(Updates with Trump, Clinton campaign statements, adds details)
By David Morgan
WASHINGTON Oct 11 U.S. Republican presidential
nominee Donald Trump reiterated his promise in Sunday's debate
to kill the "carried interest" tax loophole that benefits hedge
fund managers and others - but his tax plan offers other goodies
for Wall Street, a nonpartisan tax research group said on
Trump and Democratic rival Hillary Clinton's tax plans
differ like mirror images, especially when it comes to how they
treat investment fund managers and other wealthy Americans,
according to separate reports by the Tax Policy Center.
Trump's tax plan would reduce federal tax revenues by $6.2
trillion over a decade, with about three-quarters of the
decrease coming from lower business taxes, the center said.
Those with incomes in the top 0.1 percent would see an average
tax cut of nearly $1.1 million.
Clinton would raise revenue by $1.4 trillion almost entirely
through higher taxes on the wealthy, including a 4 percent
surcharge on those with incomes of more than $5 million.
The Clinton campaign said the analysis showed she would
require "the wealthy, Wall Street and large corporations to pay
their fair share."
The Trump campaign denounced it as "a fraudulent analysis"
plagued by software problems.
The Wall Street carried interest loophole allows financial
managers at private equity, hedge fund and other qualifying
firms to pay a capital gains tax rate on their income instead of
the higher income tax rate.
Clinton would close the loophole with no compensating
benefits for those hit, the center said.
Under Trump's proposal, the center said hedge funds and
private equity partnerships would qualify for a special 15
percent business tax rate, depending on their size, the center
said. That would be well below Trump's proposed top income tax
rate of 33 percent and less than the 23.8 percent rate that
funds now pay under carried interest rules.

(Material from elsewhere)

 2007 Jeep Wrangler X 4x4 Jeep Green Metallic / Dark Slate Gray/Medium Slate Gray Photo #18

"Literally, he is getting rid of carried interest," said
Eric Toder, co-director of the center, which is a collaboration
of the Urban Institute and the Brookings Institution.

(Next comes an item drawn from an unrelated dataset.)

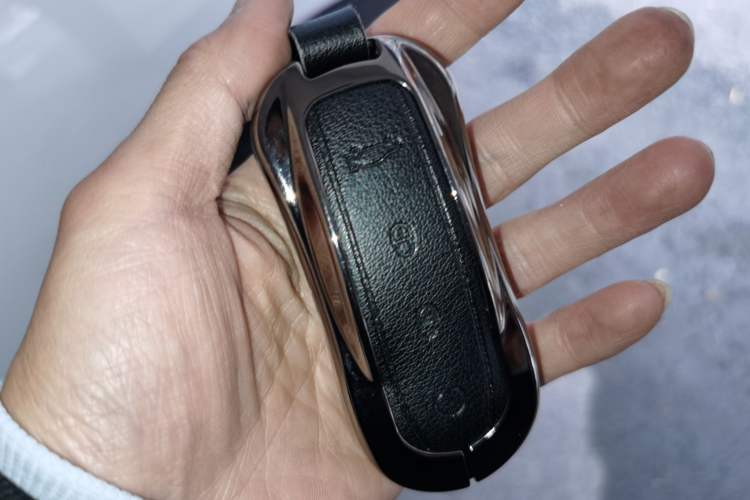 Used Yuanhang H8 2024 560 km All-Wheel Drive Premium Edition Vehicle Key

"The question is what else is there in the plan that affects
hedge funds, and the reduction in the business income tax rate
to 15 percent gives them a much better deal," Toder said.
Large investment fund managers would lose any advantage
because the Trump plan would subject them to an additional 20
percent dividend tax, the center said. Analysts said Trump had
not said what constitutes a large business.
"Our plan has explicit safeguards to keep hedge funds from
abusing the business rate - it's Hillary who plans secret
benefits for Wall Street, not us," Trump national policy
director Stephen Miller said in a statement.